Problem statement: The result should be an exact copy of every record, with no pictures kept.

Supplied data:
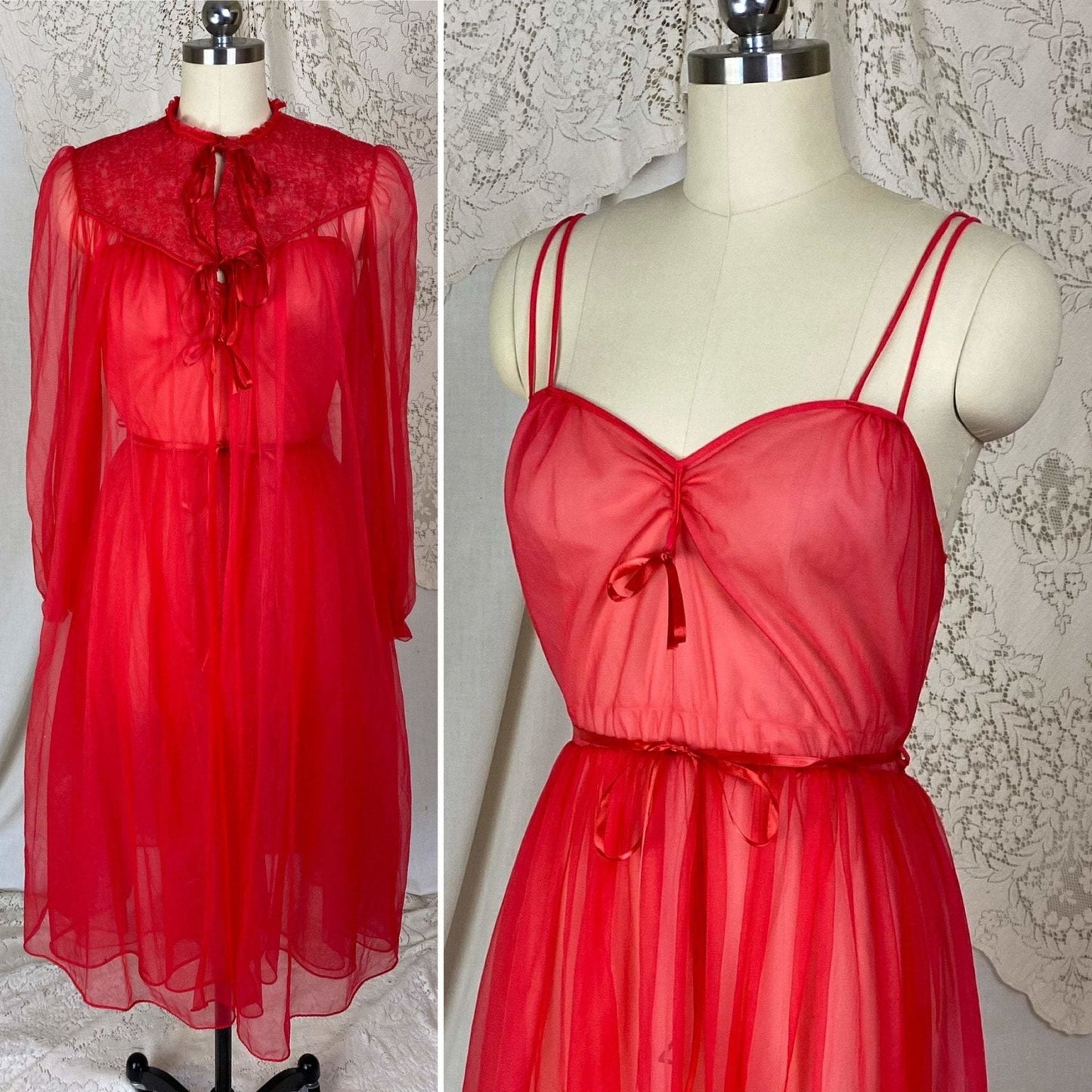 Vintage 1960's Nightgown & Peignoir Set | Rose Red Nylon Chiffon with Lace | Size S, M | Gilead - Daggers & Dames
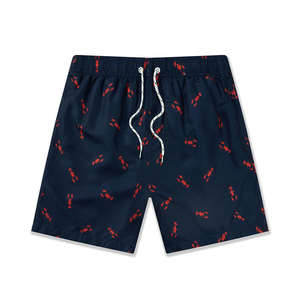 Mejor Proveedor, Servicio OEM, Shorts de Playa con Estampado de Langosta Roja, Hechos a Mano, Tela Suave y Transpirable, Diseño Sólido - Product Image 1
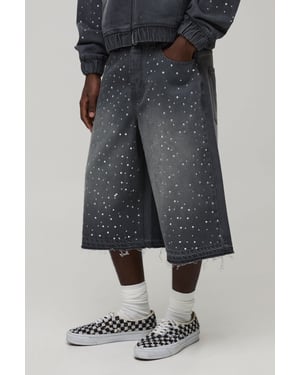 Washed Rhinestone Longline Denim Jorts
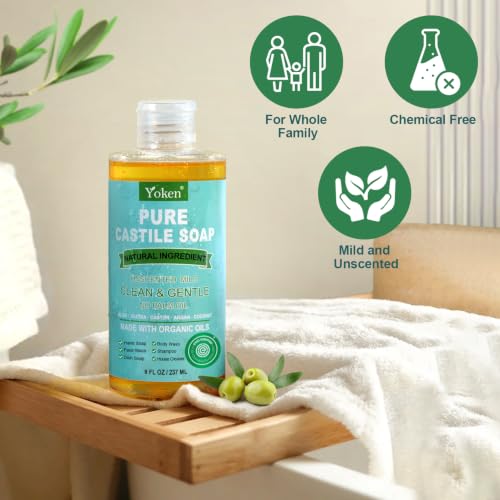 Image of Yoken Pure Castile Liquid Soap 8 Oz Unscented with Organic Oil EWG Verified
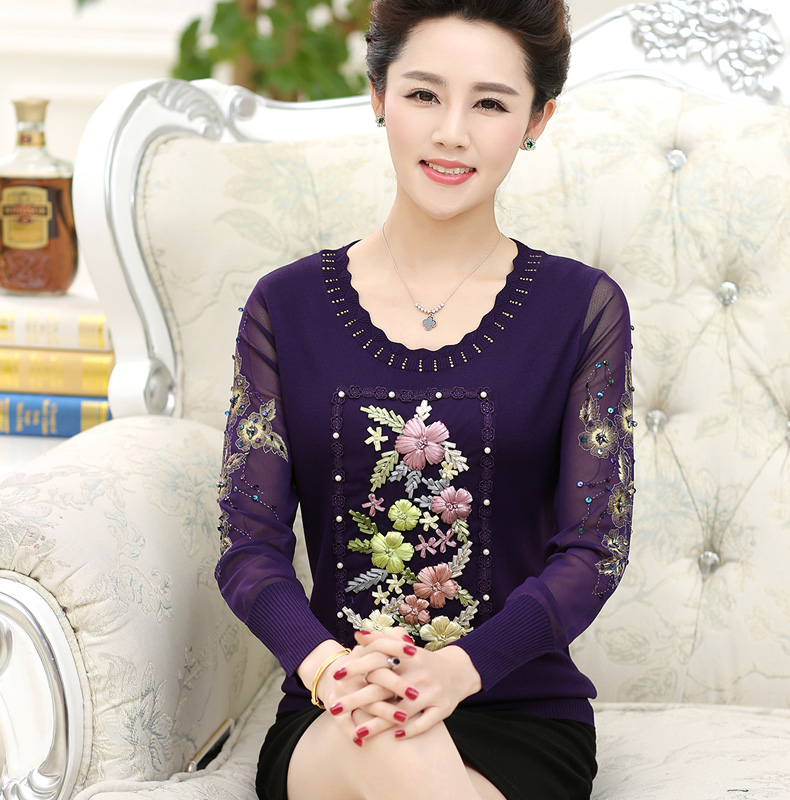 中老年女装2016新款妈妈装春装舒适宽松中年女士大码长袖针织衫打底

Exercise result:
 Vintage 1960's Nightgown & Peignoir Set | Rose Red Nylon Chiffon with Lace | Size S, M | Gilead - Daggers & Dames
 Mejor Proveedor, Servicio OEM, Shorts de Playa con Estampado de Langosta Roja, Hechos a Mano, Tela Suave y Transpirable, Diseño Sólido - Product Image 1
 Washed Rhinestone Longline Denim Jorts
 Image of Yoken Pure Castile Liquid Soap 8 Oz Unscented with Organic Oil EWG Verified
 中老年女装2016新款妈妈装春装舒适宽松中年女士大码长袖针织衫打底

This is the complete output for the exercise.